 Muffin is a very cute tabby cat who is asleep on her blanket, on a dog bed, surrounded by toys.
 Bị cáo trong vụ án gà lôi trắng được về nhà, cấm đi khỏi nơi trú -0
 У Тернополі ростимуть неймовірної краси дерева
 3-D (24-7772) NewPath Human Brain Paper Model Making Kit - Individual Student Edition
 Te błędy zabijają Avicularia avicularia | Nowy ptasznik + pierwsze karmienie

_ _ _ _

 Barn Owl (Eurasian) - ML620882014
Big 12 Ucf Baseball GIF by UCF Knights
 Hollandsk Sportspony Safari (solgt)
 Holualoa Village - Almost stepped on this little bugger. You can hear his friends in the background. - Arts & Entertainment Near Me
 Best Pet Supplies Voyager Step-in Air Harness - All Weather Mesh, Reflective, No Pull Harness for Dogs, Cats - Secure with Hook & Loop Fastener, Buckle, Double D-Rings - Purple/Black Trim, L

_ _ _ _

▶ _Work item_
In the listing above, find the line with "Muffin is a" and the line with "Te błędy zabijają", then reproduce both and every line between them exactly.

▶ _Exercise result_
 Muffin is a very cute tabby cat who is asleep on her blanket, on a dog bed, surrounded by toys.
 Bị cáo trong vụ án gà lôi trắng được về nhà, cấm đi khỏi nơi trú -0
 У Тернополі ростимуть неймовірної краси дерева
 3-D (24-7772) NewPath Human Brain Paper Model Making Kit - Individual Student Edition
 Te błędy zabijają Avicularia avicularia | Nowy ptasznik + pierwsze karmienie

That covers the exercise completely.